僕がジャクソン・ブラウンを初めて聴いたのはアクシデントのようなものだった。親類から段ボール数箱分もらった輸入レコードのなかに『孤独なランナー』が紛れていた。僕はその名前からファンキーでごきげんな音楽を想像してプレイヤーに乗せる(ジェイムス・ブラウンと勘違いしていたのだ)。聞こえてきたのはクセのない、憂いと陰りを湛えた真っ直ぐな歌、ギターとピアノとバンドサウンドだった。このレコードから受けた影響は計り知れない。「遅れてきた青春」も「星に輪ゴムを」もこのレコードがなければ生まれなかった。ライブツアーをしながら作られた変則的なアルバムで、僕はそのオリジナル・スタジオ・バージョンを探したのだけど、はなからオリジナル・バージョンが存在しないと知ったのは数年後のことだ。

さかのぼって聴いたレコードのなかに『Late for the Sky』があり、その表題曲は20世紀のアメリカン・ロックの代表曲。僕が目撃したコンサートでも演奏された。69歳になってもこの歌を歌うとき時間が巻き戻ってジャクソンは見目麗しい青年に変身する。この「Late for the Sky」というフレーズの真意を僕は中学生の頃からずっと理解できないでいる。今でもそうだ。正確に言うと、日本語にパラフレーズできない。「空に遅れる」とはどういうことか、それが朝なのか昼なのか夜なのか。横書きの歌を縦書きに変換するのはなかなか難しいが、この日の素晴らしい歌と演奏を前にしたらどうでもよくなった。2017年の長雨が続いた秋の夜に僕はこの「Late for the Sky」を言葉そのままに全身で受け止められたような気がする。

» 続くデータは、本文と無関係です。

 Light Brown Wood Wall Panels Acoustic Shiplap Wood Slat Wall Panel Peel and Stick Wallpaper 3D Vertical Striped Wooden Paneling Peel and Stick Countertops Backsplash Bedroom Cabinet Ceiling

ライブが終わって興奮さめやらぬまま、ジャクソンが使っていたのと同じギターを勢いにまかせて買ってしまうというサブストーリーも付随して、忘れられないジャクソン・ブラウン来日公演となりました。「Load Out/Stay」で締めくくられるステージを観るまでまた何度でもコンサートへ出かけていきたいと思います。

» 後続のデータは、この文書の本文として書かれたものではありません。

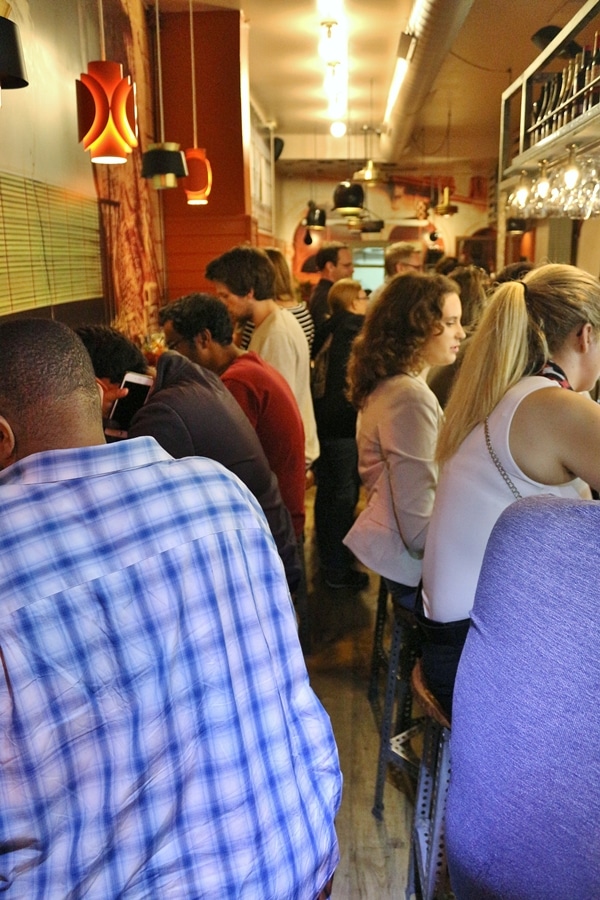 very crowded interior of a small restaurant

Posted by monolog at 14:56│Comments(2)
この記事へのコメント
私も憧れのJBの大阪公演行って来ました。スーパーセットリストにいまだに興奮していますJBの「one for you」「one for me」という感じにしよう、と言うJBを無視するかのような怒涛のリクエストの声。凄い熱気でしたそしてとうとう「Load Out/Stay」。私もこれを聞くまでは何度でも行くと決めていましたがこれからもずっと行くことを改めて決めました。山田さんのオールリクエストライブも凄いみて見てみたいです。
Posted by masayoshi masui at 2017年10月27日 09:18
ほんと大阪のセットリストは奇跡みたいで羨ましかった!
いい大人、人生の先輩たちが声を荒げてリクエストするのも微笑ましかったです。